#### Required action:
Everything in the data except the pictures belongs in your answer, copied exactly.

#### Collected material:
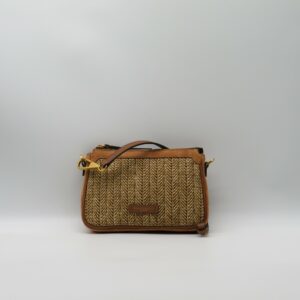 GIANNI CHIARINI SOTTOBRACCIO/TRACOLLA IN PAGLIA E CAMOSCIO BISCOTTO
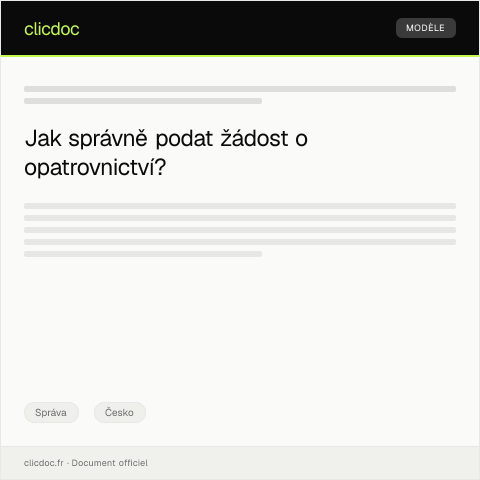 Document preview: Podání žádosti o opatrovnictví — Správa, Česko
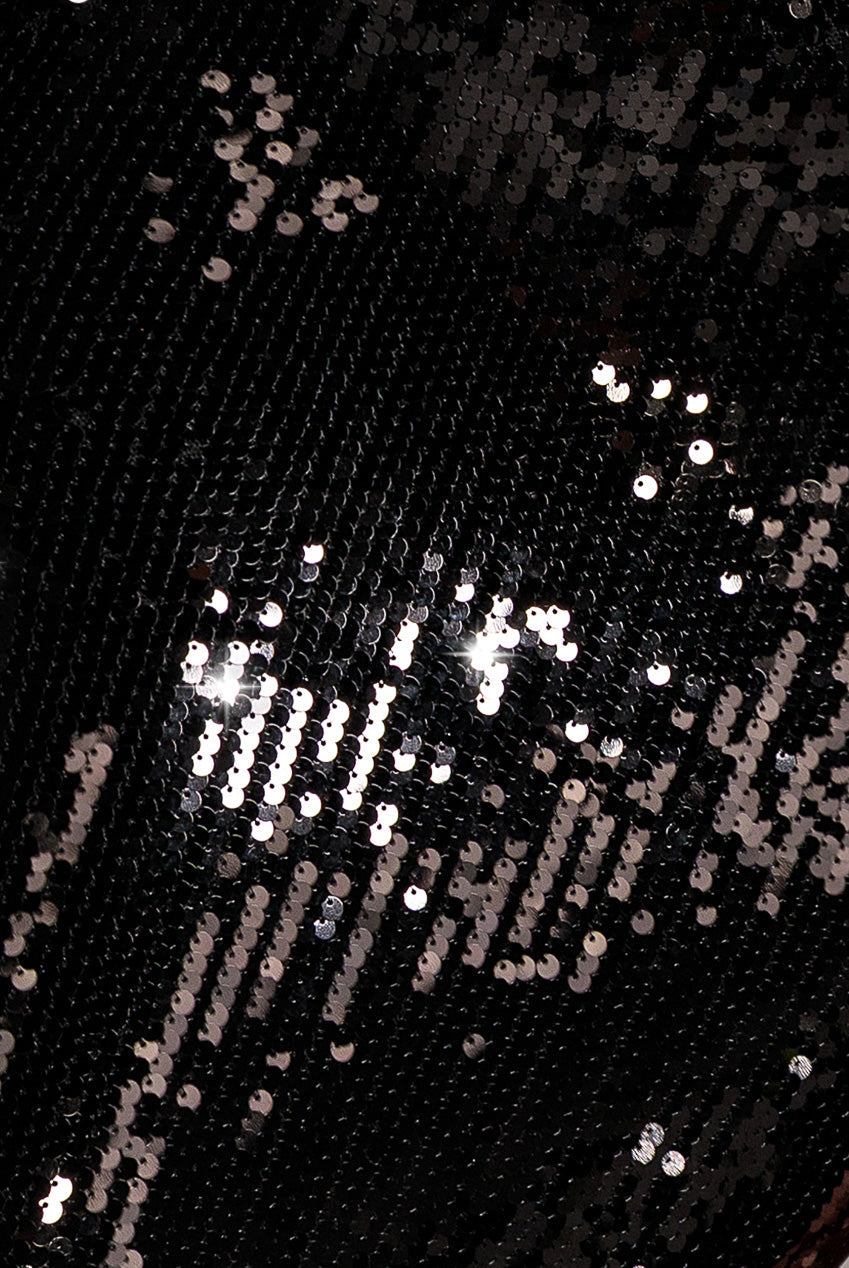Goddiva Sleeveless Square Neck Sequin Mermaid Maxi Dress - Black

#### Task output:
 GIANNI CHIARINI SOTTOBRACCIO/TRACOLLA IN PAGLIA E CAMOSCIO BISCOTTO
 Document preview: Podání žádosti o opatrovnictví — Správa, Česko
Goddiva Sleeveless Square Neck Sequin Mermaid Maxi Dress - Black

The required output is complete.